▶ [Task instructions] Output, exactly as written, the lines below from the one that has "Toyota Tacoma 2WD" through the one that has "Vintage 1970s Beige"; nothing else, and no pictures.

▶ [Data for processing]
....

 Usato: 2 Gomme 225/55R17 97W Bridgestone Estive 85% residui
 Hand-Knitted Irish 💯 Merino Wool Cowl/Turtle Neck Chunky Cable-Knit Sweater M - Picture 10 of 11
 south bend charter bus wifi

....

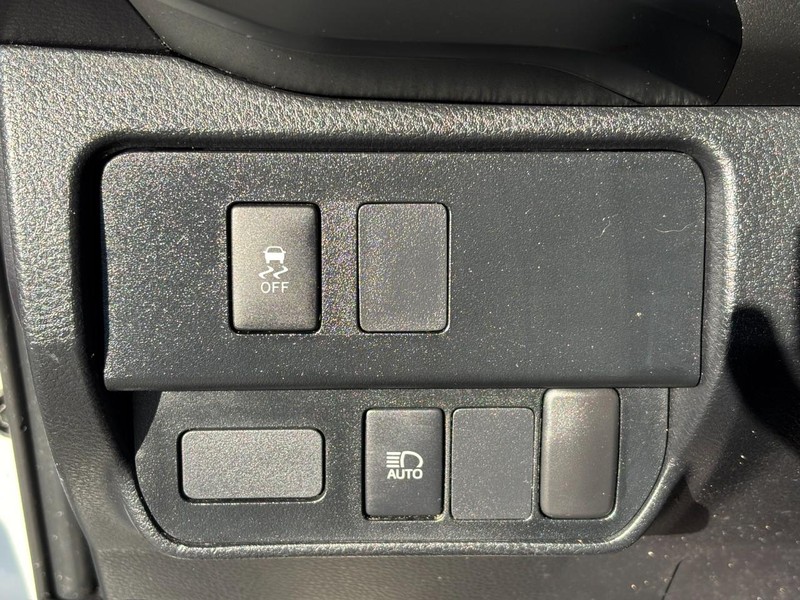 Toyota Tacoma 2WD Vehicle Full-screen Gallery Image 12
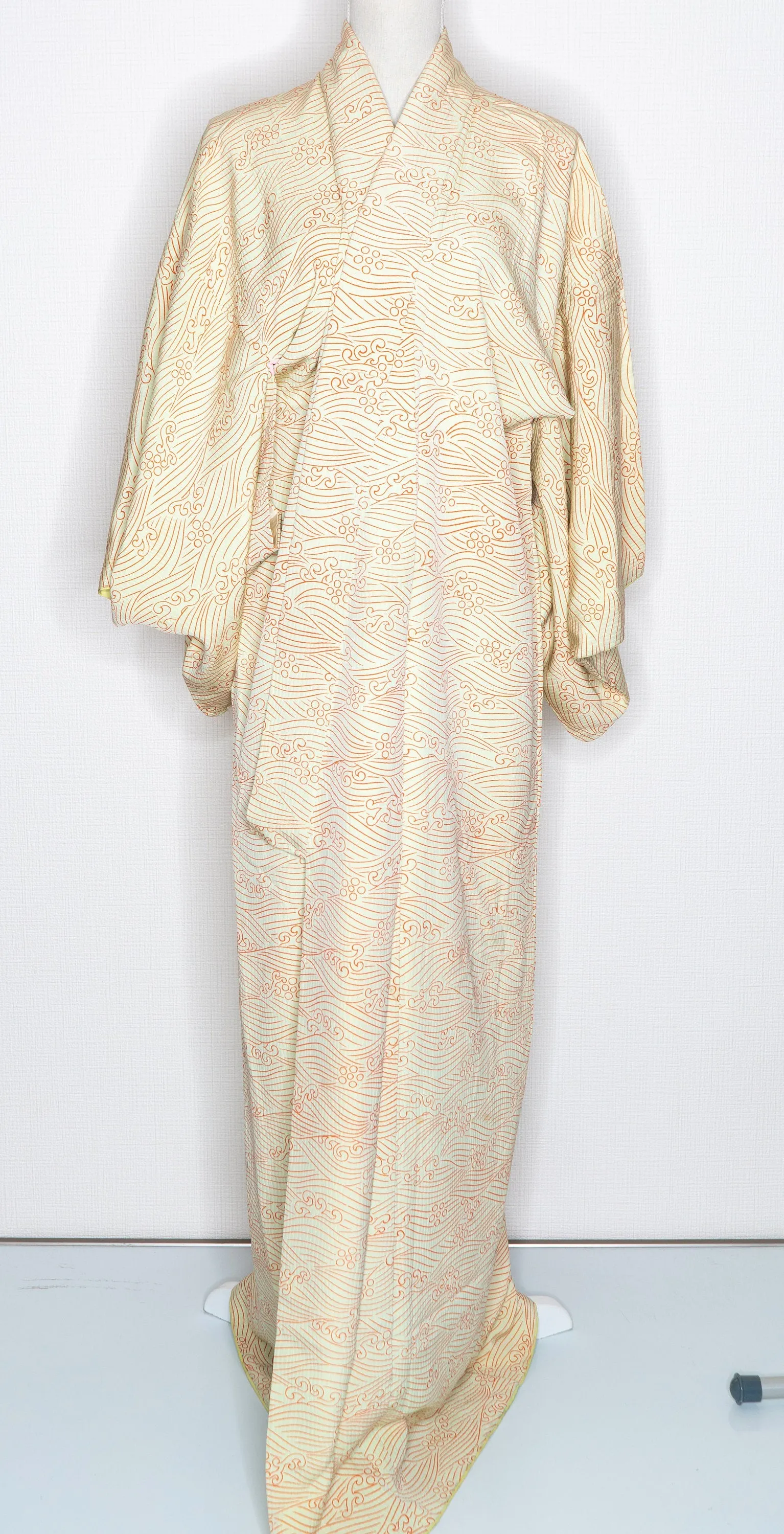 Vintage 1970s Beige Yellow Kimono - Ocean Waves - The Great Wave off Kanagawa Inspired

....

▶ [Result for this task]
 Toyota Tacoma 2WD Vehicle Full-screen Gallery Image 12
 Vintage 1970s Beige Yellow Kimono - Ocean Waves - The Great Wave off Kanagawa Inspired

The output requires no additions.